Dear Smiley: Grocer Rod Daugereaux and I have an unusual greeting when we see each other: “Been killing any worms lately?”
This exchange stems from a story that supposedly happened years ago in the greater Church Point area.
Pa Pop, an elderly widower in his late 80s, liked to drink.
One of his granddaughters, fearing for his health, finally persuaded the old man to see a doctor, a young man in Lafayette.
The young doctor welcomed the old man into his office and sat him in front of a large table.
He retrieved two glasses and set them in front of Pa Pop.
The doctor filled one of the glasses with water and the other with whiskey.
He went to a cabinet and came back with a jar of worms. He dug one of them out and placed it in the glass of water. The worm swam around freely.
Then he took the worm out of the water and dropped it into the glass filled with whiskey. The worm immediately stiffened and died.
“Now, Pa Pop,” the doctor said, “a lesson has been taught here today. Have you learned anything from all this?”
The old man nodded. “Yes I have, Doc. I learned that as long as I keep drinking whiskey I’ll never have to worry about having worms.”
Meals and wheels
Dear Smiley: We had to say goodbye to an institution recently.
I’m talking about Brunet’s Cajun Restaurant and all of the many people affected by the restaurant/bar/dancehall.
When my mother, Helen C. Hudgins, relocated to Baton Rouge, some of our most fond memories were of her dancing at Brunet’s to the mellow sounds of Rocky Saxon, or listening to the band Reunion with other regulars.
Bob Brunet’s restaurant was one of a kind. To many of us, it was a second home, and a place to go, unwind and listen to good music and meet our friends.
Similarly, Walter Scarborough, who remained steadfast and in business at Aids to Living, recently closed his doors.
Mr. Scarborough’s business, like many others, was service-oriented.
He sold and repaired all kinds of wheelchairs, mobility devices and medical needs for many years.
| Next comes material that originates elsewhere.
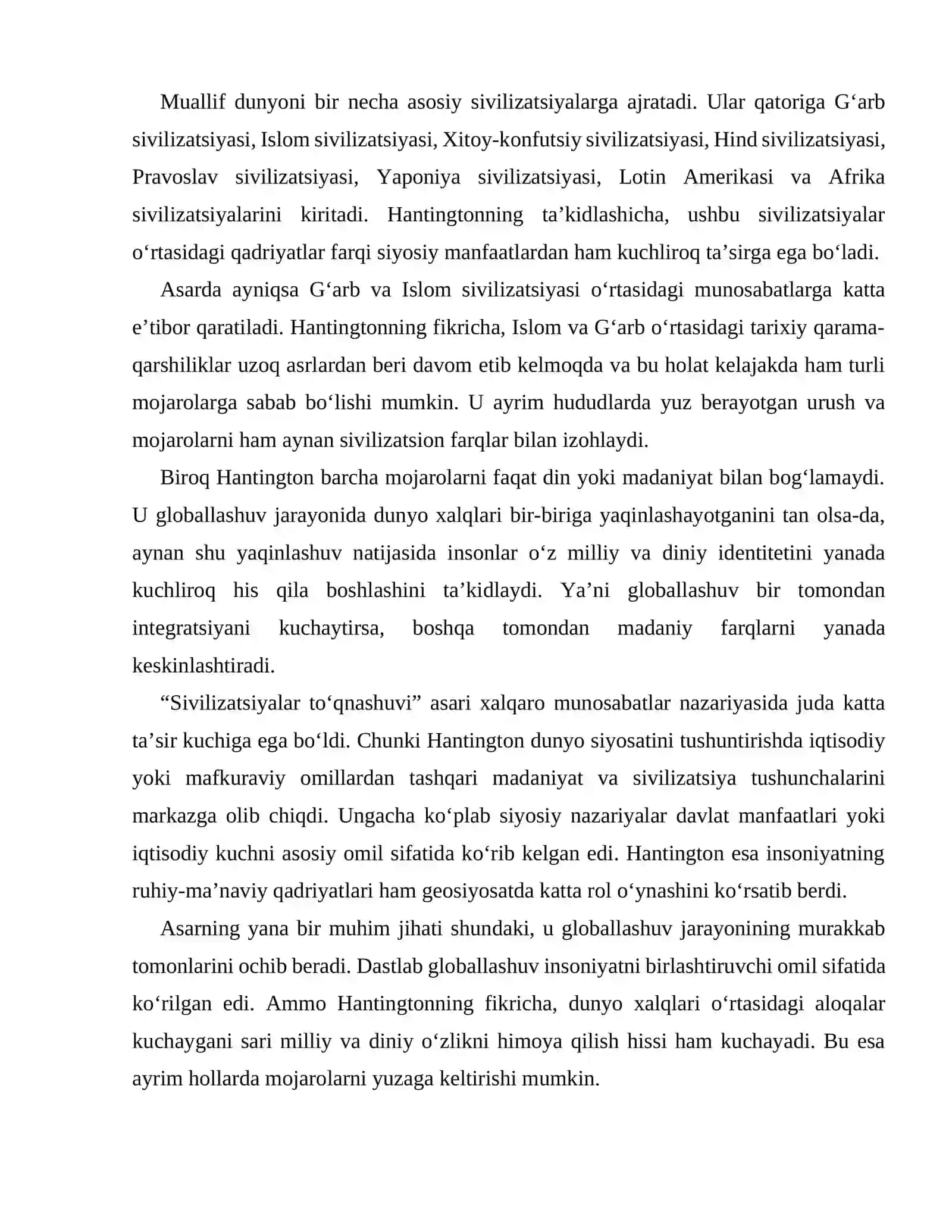 S.Xantingtonning “Sivilizatsiyalar to‘qnashuvi” asari ESSЕ 2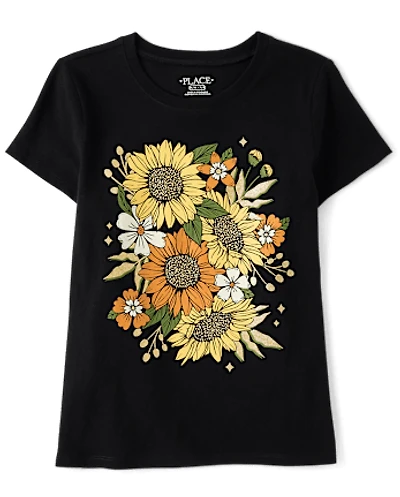 Girls Sunflowers Graphic Tee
Thank you, Walter, for your many years of service to the Baton Rouge community. We will miss you very much!
Without you, my mom would not have had a seat at Brunet’s!
CATHY H. ARNETT
A girl thing
Dear Smiley: My 5-year-old grandson, Miller Mccants, was spending the day with me.
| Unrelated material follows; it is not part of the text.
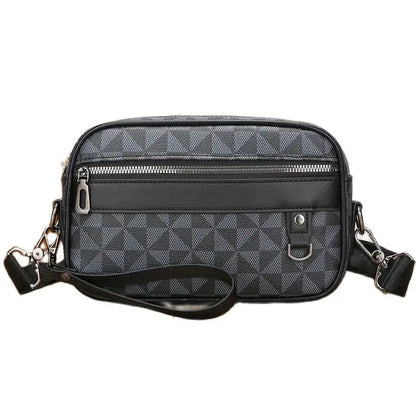 Sac bandoulière homme élégant – noir ou marron à motifs géométriques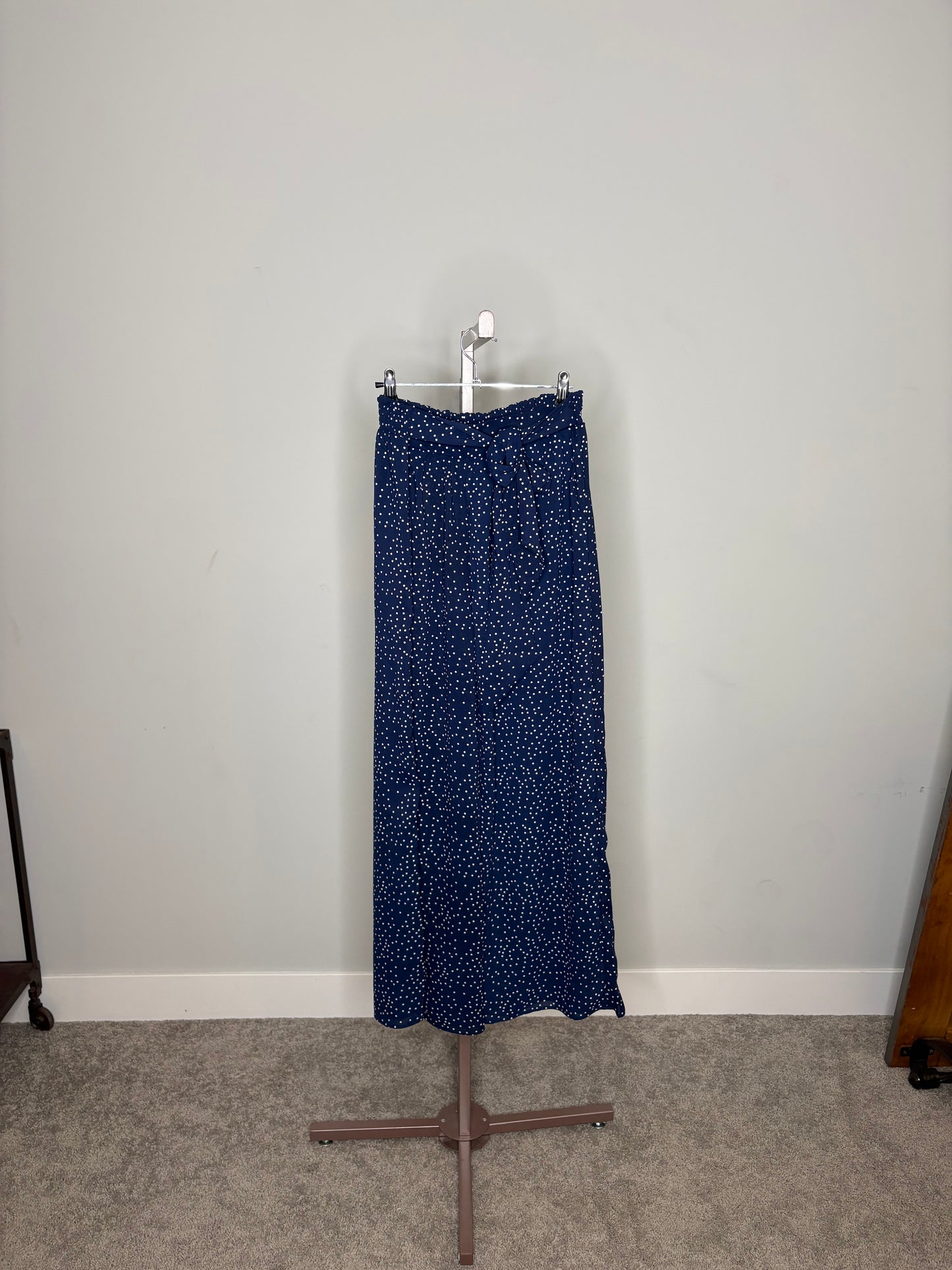 navy polka dot dress pants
I told him about our Boston Terrier, Rocky, catching a baby possum.
First, he wanted to know what a possum looked like.
Then he asked, “Was it wearing a bow, because if it was, that meant it was a girl!”
Test of faith
Dear Smiley: Dr. Harry Kellerman’s story about New Orleans at the turn of the century made me think of this one:
One Sunday afternoon a nun, dressed in full religious attire, prepared to visit and minister to the sick at the local hospital.
As she reached the carriage step, the horse spooked and she slipped into the muddy gutter.
As she wiped the mud from her starched garments she looked skyward and exclaimed, “If this is the way you treat your friends, it’s no wonder you have so few of them.”
BERNARD L. “PAP” BAUM
Roffles with syrup
Dear Smiley: My baby sister Charlotte, like Camille in your recent story, said “wabbit” for rabbit.
We, her brothers and sisters, being the sweet, considerate kids that we were, teased her unmercifully about it.
We danced around singing “The wabbit in wed!” and doing Elmer Fudd imitations.
One day we were having waffles for breakfast. Charlotte asked what they were, and we answered, “Waffles.”
She burst into tears, certain that we were making fun of her again.
It took quite a bit of reassurance to get her to believe that they really were called “waffles,” not “roffles.”
Dear Smiley: I’ve just been to the gym, and found exactly the kind of machine you, our buddies and I have been looking for!
It’s a new machine, but I only used it for half an hour because I started to feel sick.
It’s great, though! Does everything — Kit Kats, Mars Bars, Snickers, Baby Ruth, everything!